Para la empresa de conquista española, en 1519, la
presencia del cerdo en América fue trascendental;
sufragó el hambre de muchos y abrió una nueva
dimensión en la alimentación volviendo a la naciente
comida mestiza en extraordinaria.
El cerdo europeo y el maíz americano entraron en franco
sincretismo. La manteca, dice el poeta y gastrónomo
Salvador Novo: "Hizo su entrada triunfal y
chirriante aquí donde no se conocía las frituras; el
maíz, por su parte, fue el receptor que cobijó y
envolvió en tamales, chalupas, molotes y tlacoyos la
suave carne del cerdo, el oloroso chorizo y el crujiente
chicharrón".
El cerdo, bautizado por los mexicanos como cochino,
término que viene de cochi, dormir, y que alude a los
hábitos del animal, se aclimató con bastante facilidad
a las nuevas condiciones geográficas. En Puebla, llegó
a ser tan importante que se convirtió en indispensable
dentro de la dieta junto con los cereales -maíz y trigo-
y el carnero. De ahí que la consigna popular difundiera
el dicho: "Tres cosas come el poblano: cerdo,
cochino y marrano".
Durante la época colonial, en Puebla la matanza del
cerdo reportó al ayuntamiento de la ciudad grandes
beneficios económicos. Las tocinerías diseminadas en la
traza urbana en el siglo XVIII incluían a su vez
actividades productivas, todas ellas relacionadas con el
cerdo: la venta de carne, la elaboración de embutidos,
de manteca y de fritangas. Incluso, el jabón preparado
con la grasa del cerdo fue, junto con la loza, el vidrio
y otros artículos, producto de exportación.

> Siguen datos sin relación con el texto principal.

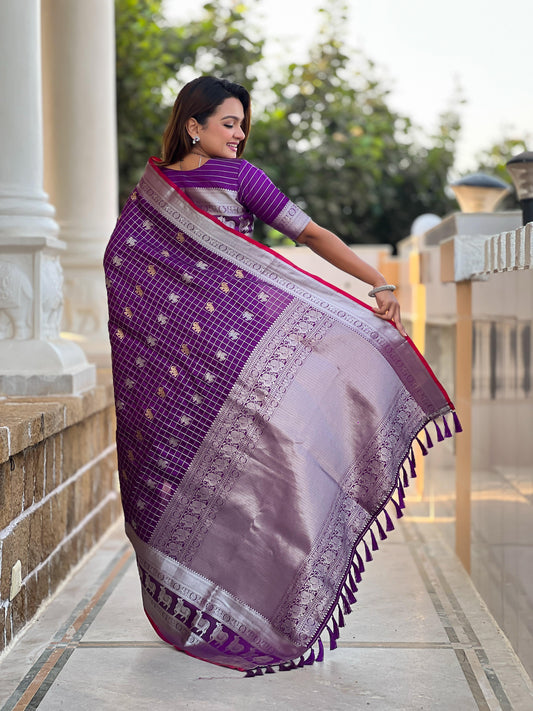 Fashionable Soft Silk Purple Color Saree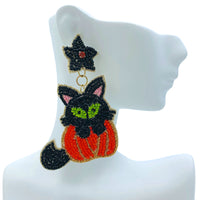 Black Cat & Pumpkin Seed Bead Earrings - 2 Colors, Beaded, Halloween (2x3.25in)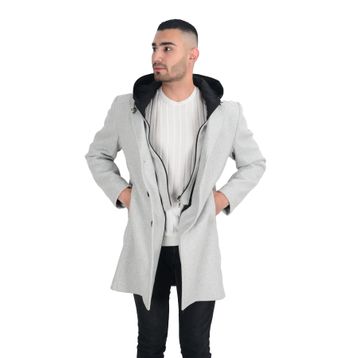 Cengiz İnler Uzun Kapüşonlu Açık Gri Erkek Kaşe Kaban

La Angelópolis era tan famosa por sus jabones que
irónicamente se decía que "De la Puebla, el jabón
y la loza, y no otra cosa".
El cerdo prácticamente controló en gran parte a la
cocina poblana, cuyos platillos más afamados, como los
chiles en nogada, los pipianes, la tinga y la infinita
variedad de sus antojitos, lo incluyen sin titubeos.

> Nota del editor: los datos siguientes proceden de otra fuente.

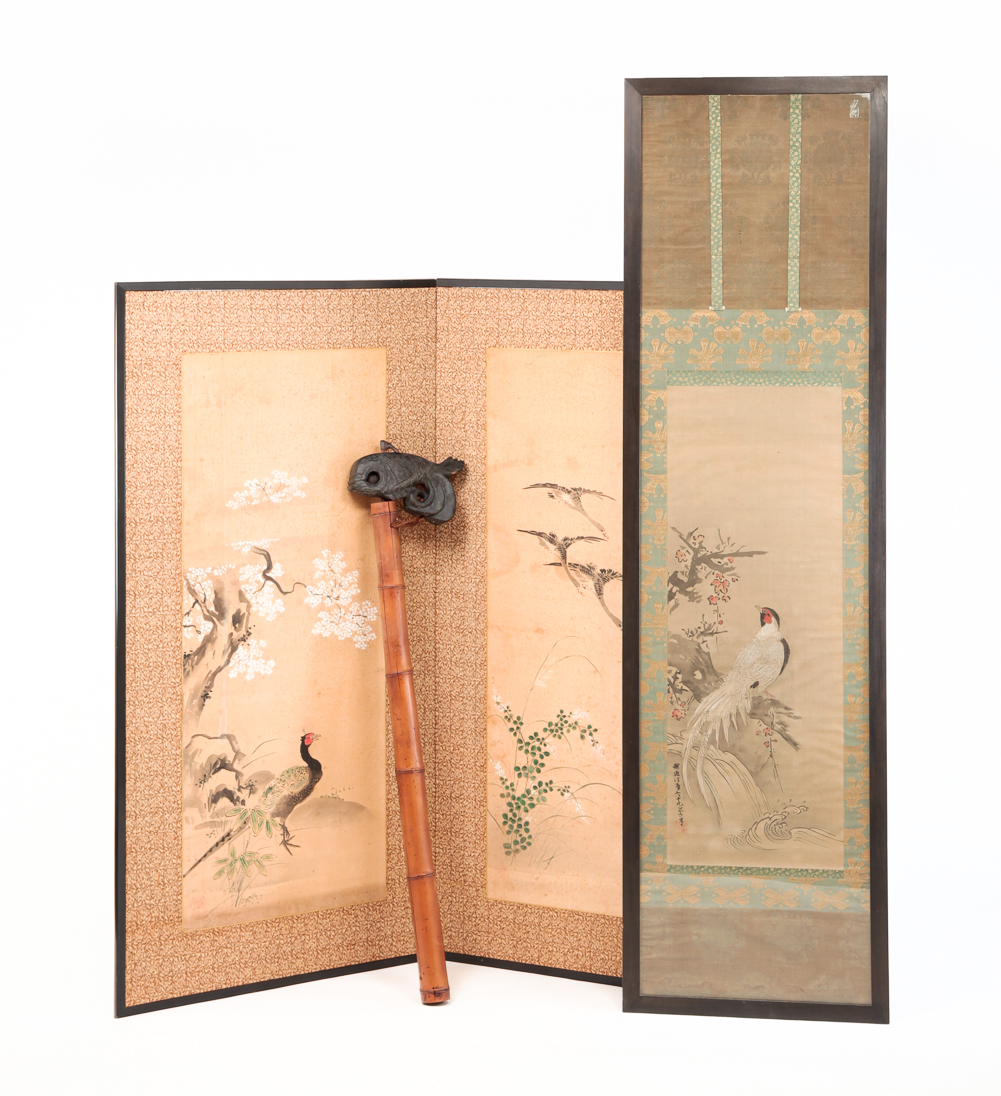 THREE ASIAN ITEMS INCLUDING FLOOR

En los recetarios que se editaron en los siglos XIX y XX
se puede apreciar la debilidad que la población sentía
por tan suave y tentadora carne. El cocinero práctico,
editado en 1892, la definía como ardiente, y a pesar de
que se consideraba de difícil digestión "e incluso
peligrosa e impropia de las estaciones y países
cálidos, a más de no ser en tales épocas tan sabrosa
como en invierno", el cerdo fue y sigue siendo un
prodigio dentro de la cocina regional.
La agenda para familias, editada en Puebla en 1898,
revela que del total de los menús, 70 de ellos son a
base de cerdo. El primer recetario provinciano que
aparece publicado en 1872, el de La cocinera poblana,
registra casi 80 maneras diferentes de prepararlo.
La tradición culinaria del cerdo se enriqueció con el
paso del tiempo, cuando cada grupo social, cuando cada
cocinera con su sazón extraordinaria, contribuyó a
crear la increíble cocina poblana. Desde la comida
sencilla hasta en la mesa de manteles largos, el cerdo en
cualquier banquete es imprescindible, y en los antojitos,
ni se diga.
En Puebla, puede disfrutar cada tarde, en cada zaguán,
literalmente, una inmensa variedad de ellos, obviamente
rellenos con alguna parte del cerdo. Los hay fritos
(molotes), asados (quesadillas); en tacos, en tostadas,
en tortas, en chanclas bañadas de salsa espesa, roja y
verde, con un copete de crema; en guajolotes (panes
salados, fritos, rellenos de carne de cerdo guisada,
aderezada con pedacitos de hoja de lechuga), y en
pelonas... en fin, todos igualmente sabrosos.